Frank Vincent, one of Hollywood's go-to guys for mobster dramas, has died at 78.
His manager, Melissa Prophet, did not return calls and messages from USA TODAY.
Vincent, who was born in Massachusetts and raised in New Jersey, starred in three of Martin Scorsese's classics, beginning with Raging Bull (1980), followed by 1990's Goodfellas and 1995's Casino.
He also gave Tony Soprano fits as New York crime boss Phil Leotardo in the final two seasons of The Sopranos before being shot by a soldier from a rival family and subsequently run over by his own vehicle in the HBO drama's series finale.
Vincent also worked with Spike Lee in Do The Right Thing (1989) and Jungle Fever (1991).
His co-stars, friends and admirers mourned him on Twitter:
Michael Rapaport called him a "consummate NYC actor."
Damn the Great Frank Vincent has passed Consummate NYC actor from Goodfellas,Raging Bull & Sopranos.Good guy who had a great sense of humor pic.twitter.com/JOVl0zEFRQ— MichaelRapaport (@MichaelRapaport) September 13, 2017
"We lost one of our family today," acknowledged Maureen Van Zandt, wife to Steven and his alter ego Silvio Dante on The Sopranos.
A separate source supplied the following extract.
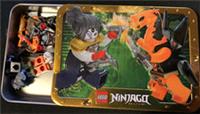 LEGO Ninjago Core: Pixal vs. Viper Flyer Set 112328 in Tin - New & Sealed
We lost one of our family today. Frank Vincent. Wonderful actor and lovely man. Rest In Peace, Frankie.— Maureen Van Zandt (@MVZaGoGo) September 13, 2017
Vincent had many talents, but he stood out for two roles where he played gangsters with a menacing flair.
His highest-profile role came in The Sopranos, where his Mafia boss Phil Leotardo briefly became Tony Soprano’s main antagonist during the HBO hit’s final two seasons, but the actor’s greatest scene came in Goodfellas. In each case, Vincent’s character dies a grisly but memorable death.
In that Scorsese classic, Vincent plays Billy Batts, a Made man just sprung from prison, who brutally insults rising mob rival Tommy DeVito (Joe Pesci), remembering the younger thug as a shoeshine boy and ordering him: “Now, go home and get your (expletive) shinebox!”
After Tommy’s friends Henry Hill (Ray Liotta) and Jimmy Conway (Robert De Niro) – who delivers the classic judgment to Batts: “You insulted him a little bit” – mend fences with the returning jailbird, Tommy returns and blindsides Batts and he and Jimmy punch and kick him into submission.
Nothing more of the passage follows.